Should you use purification strategies to take advantage of the "lifetime capital gains exemption"?

When the QSBCS do not meet the three tests above, an individual may want to consider "purifying" (which, colloquially means to move redundant cash and investments out of the corporation in order to make sure the shares remain QSBCS through tax planning). Simple strategies include disposing of non-qualifying assets or distributing non-qualifying assets as "dividends-in-kind"; however, the tax cost of these strategies should be weighed against the tax benefit of the LCGE.
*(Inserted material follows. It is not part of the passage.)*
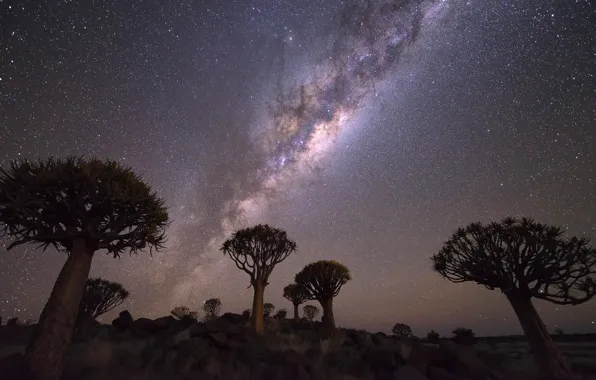 Picture the sky, stars, clouds, trees, night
More complex, but potential tax-deferred purification strategies, include:

  1. Inter-Corporate Dividend Payments or Redemption of Shares: After-tax retained earnings or "safe income" can be paid through inter-corporate dividends, which typically flow tax-free between taxable Canadian corporations. In certain situations, income in excess of these amounts can also be paid through inter-corporate dividends. However, this transaction must be approached with caution, given the potential application of the anti-avoidance rule in subsection 55(2) of the Income Tax Act.
    1. How would this work? The individual would implement a section 86 freeze of their shares in the operating corporation and exchange their common shares for (i) preference shares and (ii) a new class of common shares. The individual would then incorporate a holding corporation and transfer the new class of common shares to said holding corporation on a tax-deferred basis in exchange for common shares of the holding corporation. The operating corporation could then pay a dividend to the holding corporation equal to the amount in excess of after-tax retained earnings.
    2. From a tax perspective, an inter-corporate dividend and a redemption of shares held by a corporation result in similar tax treatment. Therefore, a similar strategy can be employed by redeeming corporately-held shares over time. In some circumstances, redemptions of shares may get around section 55(2) issues.
  2. Introduction of a Trust with a Corporate Beneficiary: The benefit of tax-free inter-corporate dividends and the benefit of a family trust can also be combined. As with the above transactions, this transaction must be approached with caution, given the potential application of the anti-avoidance rule in subsection 55(2), as well as subsection 75(2), of the Income Tax Act.
    1. How would this work? The individual would form a family trust, which would hold shares in the operating corporation. The family trust would have beneficiaries, including the holding corporation. The operating corporation would pay a dividend to the trust, which would then distribute the dividend to the corporate beneficiary without losing the benefit of the tax-free flow of inter-corporate dividends.
  3. Butterfly Transaction: The last resort (because of costs, complexity and risks) would be to employ a butterfly transaction, which is a colloquial term given to transactions where assets are transferred to another corporation under section 55(3) of the Income Tax Act on a tax-deferred basis. This is typically done when there are section 55(2) anti-avoidance rule concerns that are preventing the above two options. To minimize risks, this must be done well in advance of any potential sale.

The content of this article is intended to provide a general guide to the subject matter. Specialist advice should be sought about your specific circumstances.